The soldier that was watching her called out from a distance behind her, the ever familiar <Walk!> that was a threat and an order at the same time.
Sick with fear, Hana looked around, searching for something that could tell her where to go, how to move.
You need to look at the numbers under the tiles and try to logic out where the mines are, so you can figure out where they aren’t.
In that moment, she knew she wasn’t going to die right away. She couldn’t walk any further, it was physically impossible, as though her feet were as rooted to the ground as the trees were.
Physically impossible because she’s paralyzed by fear, or because her power is restricting her?
They would make her watch as they tortured one of the other children to death. Then they would start on the next, maybe Hana herself, until they had another child willing to act as decoy and clear the traps from their way in the simplest, most dangerous manner possible.
Gotta say, if the power physically prevents her from taking a course of action that leads to her death, that’s a pretty bad position for anyone who would be inclined to sacrifice themself for someone else.

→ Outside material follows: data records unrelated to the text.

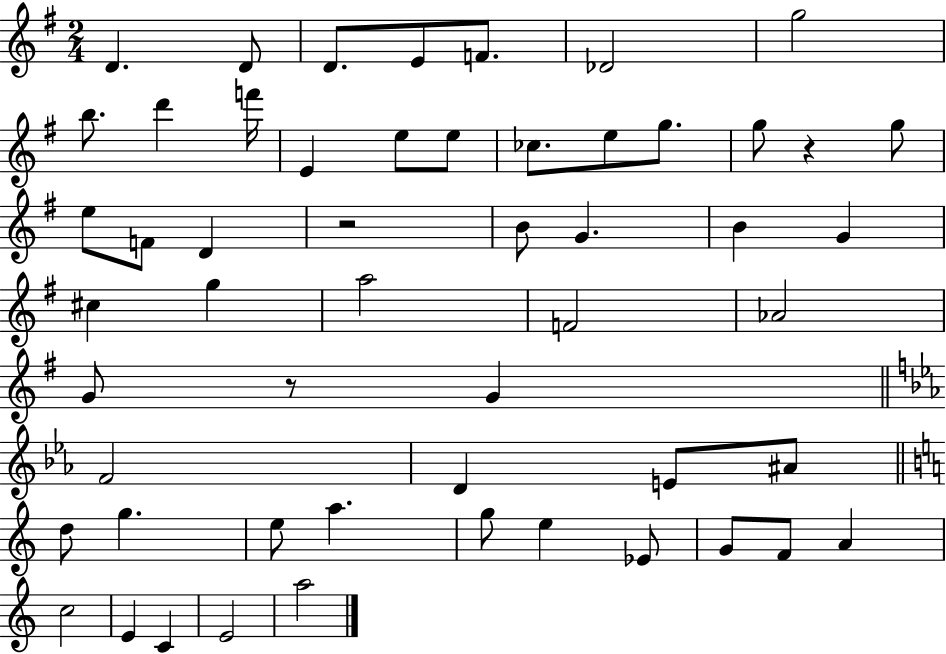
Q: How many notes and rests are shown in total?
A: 54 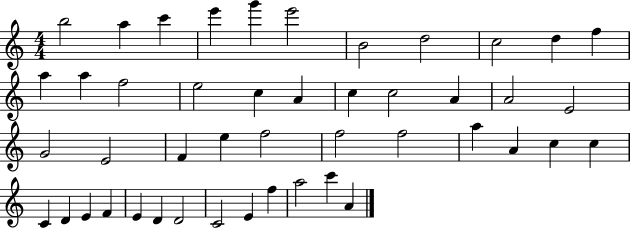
{
  \clef treble
  \numericTimeSignature
  \time 4/4
  \key c \major
  b''2 a''4 c'''4 | e'''4 g'''4 e'''2 | b'2 d''2 | c''2 d''4 f''4 | \break a''4 a''4 f''2 | e''2 c''4 a'4 | c''4 c''2 a'4 | a'2 e'2 | \break g'2 e'2 | f'4 e''4 f''2 | f''2 f''2 | a''4 a'4 c''4 c''4 | \break c'4 d'4 e'4 f'4 | e'4 d'4 d'2 | c'2 e'4 f''4 | a''2 c'''4 a'4 | \break \bar "|."
} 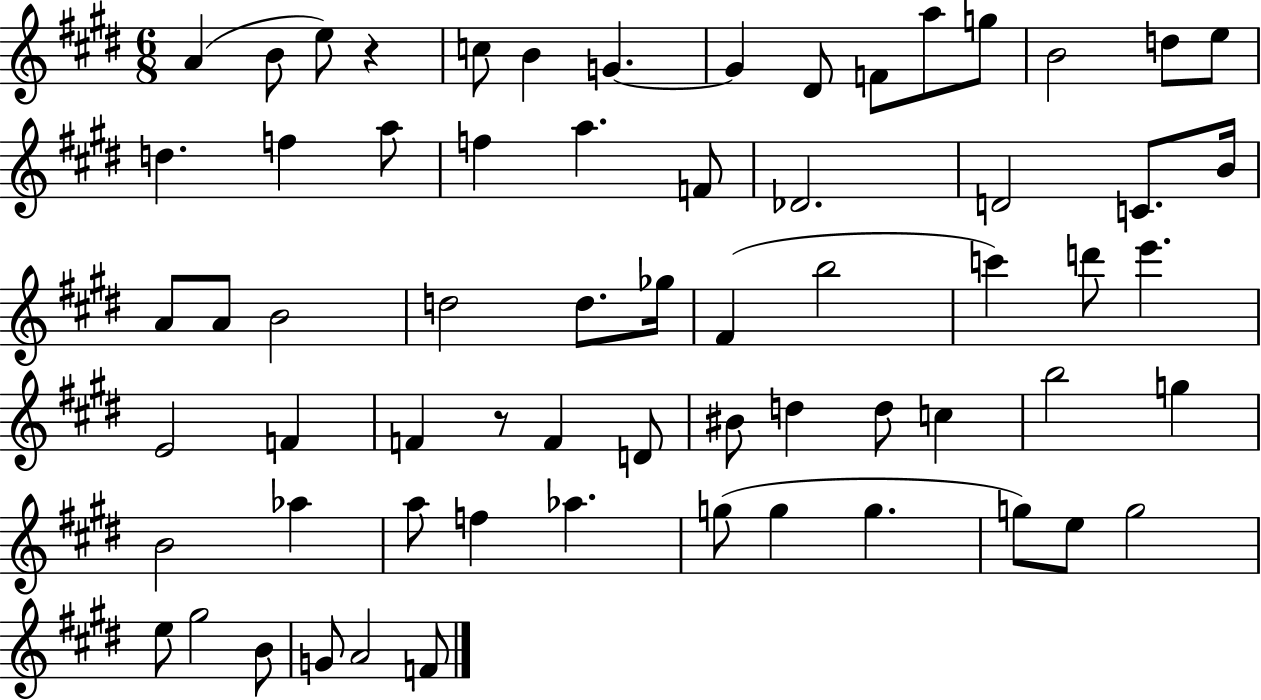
X:1
T:Untitled
M:6/8
L:1/4
K:E
A B/2 e/2 z c/2 B G G ^D/2 F/2 a/2 g/2 B2 d/2 e/2 d f a/2 f a F/2 _D2 D2 C/2 B/4 A/2 A/2 B2 d2 d/2 _g/4 ^F b2 c' d'/2 e' E2 F F z/2 F D/2 ^B/2 d d/2 c b2 g B2 _a a/2 f _a g/2 g g g/2 e/2 g2 e/2 ^g2 B/2 G/2 A2 F/2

I mean, it’s one thing to prevent the user of the power from doing something dumb, but I feel like it shouldn’t restrict their choice entirely in that kind of situation.
<Wal-
She saw something vast.
It wasn’t big in the sense that the trees or even the mountains were big. It was big in the way that transcended what she could even see or feel.
Hm.
So, uh. Are we getting a preview for what Endbringers are like here?

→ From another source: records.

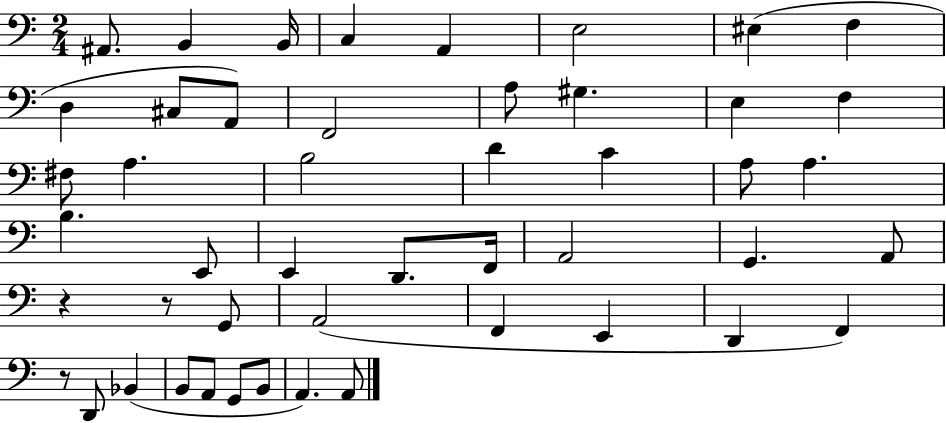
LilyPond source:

{
  \clef bass
  \numericTimeSignature
  \time 2/4
  \key c \major
  \repeat volta 2 { ais,8. b,4 b,16 | c4 a,4 | e2 | eis4( f4 | \break d4 cis8 a,8) | f,2 | a8 gis4. | e4 f4 | \break fis8 a4. | b2 | d'4 c'4 | a8 a4. | \break b4. e,8 | e,4 d,8. f,16 | a,2 | g,4. a,8 | \break r4 r8 g,8 | a,2( | f,4 e,4 | d,4 f,4) | \break r8 d,8 bes,4( | b,8 a,8 g,8 b,8 | a,4.) a,8 | } \bar "|."
}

It was like seeing something bigger than the whole wide planet, except more – this thing that was too large to comprehend to start with, it extended.
I mean this certainly does sound rather Lovecraftian. Or Labyrinth-ian, but I don’t see any reason for her to be here.
She didn’t have a better word to describe what she was perceiving. It was as though there were mirror images of it, but each image existed in the same place, some moving differently, and sometimes, very rarely, one image came in contact with with something that the others didn’t.
I’d ask if the others were seeing this too, but given the cut-off “wal–”, I have a feeling they do.
Anyway, I have to give it to Wildbow: This is a pretty good description for something incomprehensible.
Each of the images was as real and concrete as the others. And this made it big in a way that she couldn’t describe if she were a hundred year old scholar or philosopher with access to the best libraries in the world.
It kind of sounds like it’s bigger than the planet, and you can tell it is by looking at it, but it doesn’t look bigger than the planet because all of that bigness is in the same space. Which does not quite mean it’s compact and therefore smaller.